■ YOUR GOAL
Your job is to return the whole listing unchanged while skipping its images.

■ SOURCE DATA
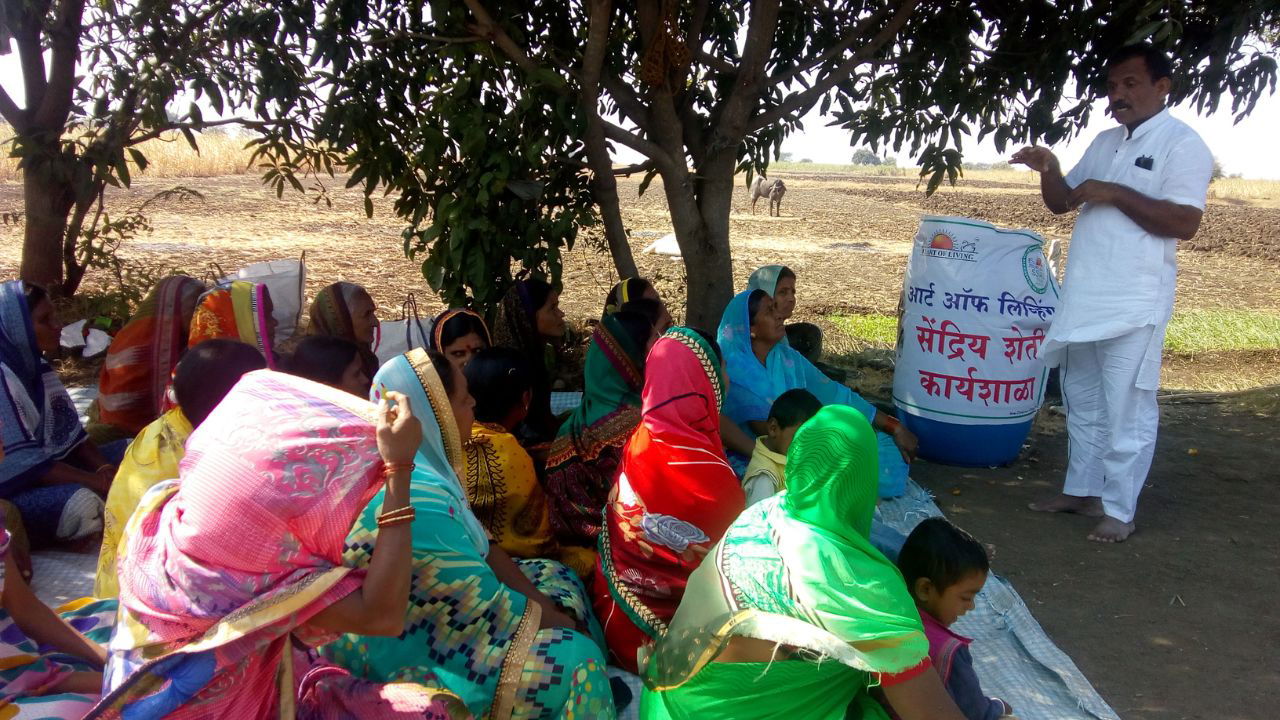 Mahadev Gomare mentoring women farmers in Natural farming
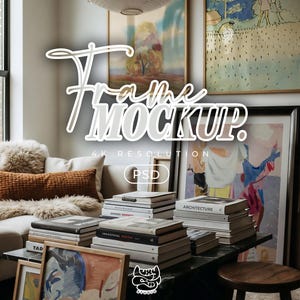 Op de afbeelding: Interieurscène met ingelijste kunst, boeken en een salontafel. De afbeelding toont een bank, een papieren lantaarn en een stapel boeken. De tekst "Frame Mockup" is over de afbeelding geplaatst.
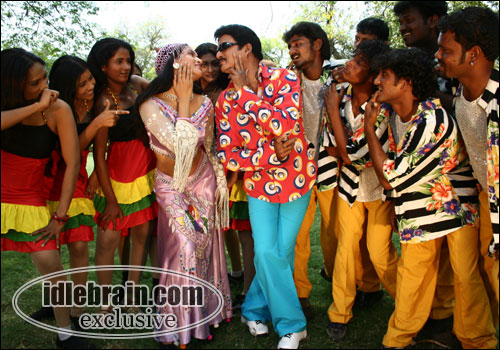 iddaru athala muddula alludu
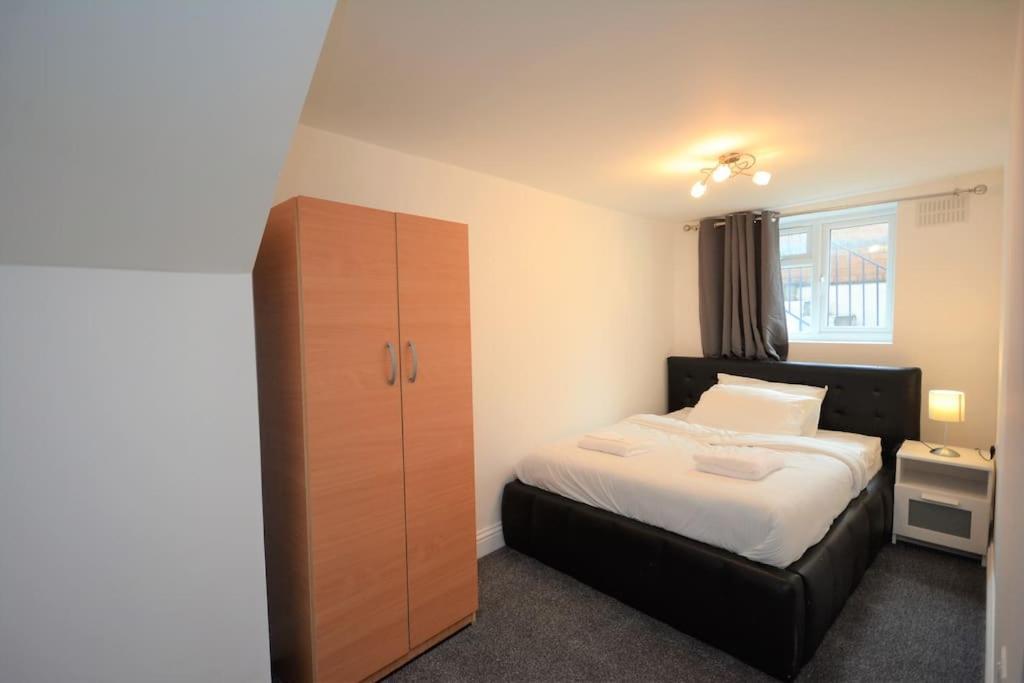Lovely 4bedroom Лондон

■ OUTPUT FOR THIS TASK
 Mahadev Gomare mentoring women farmers in Natural farming
 Op de afbeelding: Interieurscène met ingelijste kunst, boeken en een salontafel. De afbeelding toont een bank, een papieren lantaarn en een stapel boeken. De tekst "Frame Mockup" is over de afbeelding geplaatst.
 iddaru athala muddula alludu
Lovely 4bedroom Лондон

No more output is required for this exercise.